__What to produce__: Exact copy, pictures excluded: write out every line below.

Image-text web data
+ + +

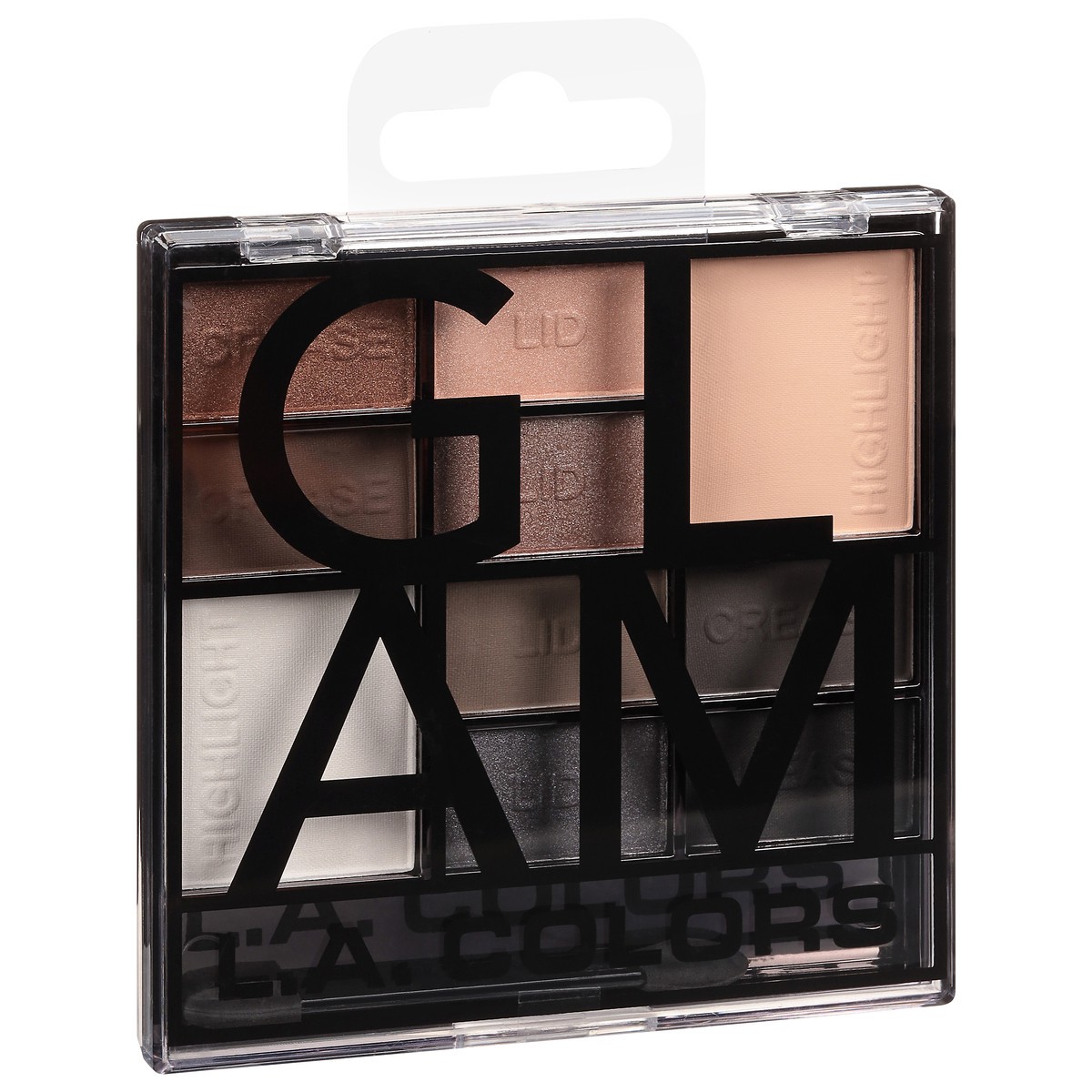 slide 2 of 9, L.A. Colors Cool Color Block Eye Shadow Palette, 0.56 oz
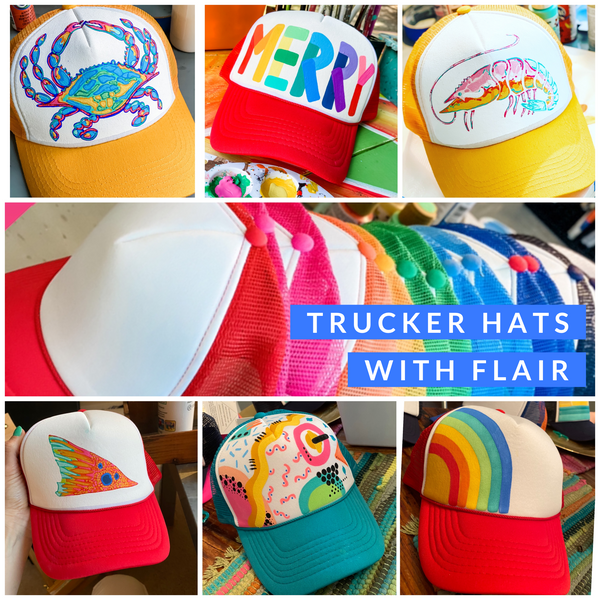 Things I Love Thursday: Painting Trucker Hats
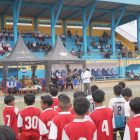 Pembukaan Jambi School Football League (JSFL) 2025 Senin (10/11/25).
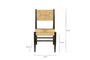 Lohanda Acacia & Munja Grass Dining Chair - Charcoal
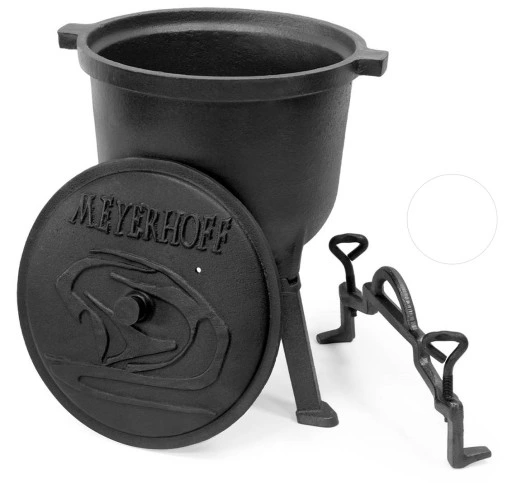 KOCIOŁEK ŻELIWNY MEYERHOFF 4L+RĘKAWICA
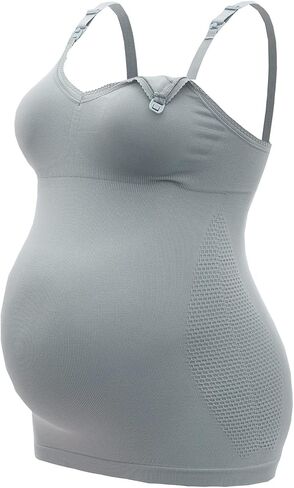 MakeMeChic Women's Maternity 3 Pack Nursing Bra Lace Trim Adjustable Strap Full Bust Pregnancy Bralette in Saudi Arabia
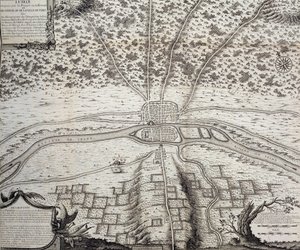 ルテティアまたは西暦4世紀と5世紀のパリの2番目の計画、1722 作： French School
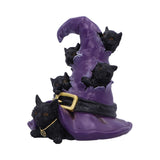 Magical Mischief Witch Black Cats Figurine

+ + +

__Task result__:
 slide 2 of 9, L.A. Colors Cool Color Block Eye Shadow Palette, 0.56 oz
 Things I Love Thursday: Painting Trucker Hats
 Pembukaan Jambi School Football League (JSFL) 2025 Senin (10/11/25).
 Lohanda Acacia & Munja Grass Dining Chair - Charcoal
 KOCIOŁEK ŻELIWNY MEYERHOFF 4L+RĘKAWICA
 MakeMeChic Women's Maternity 3 Pack Nursing Bra Lace Trim Adjustable Strap Full Bust Pregnancy Bralette in Saudi Arabia
 ルテティアまたは西暦4世紀と5世紀のパリの2番目の計画、1722 作： French School
 Magical Mischief Witch Black Cats Figurine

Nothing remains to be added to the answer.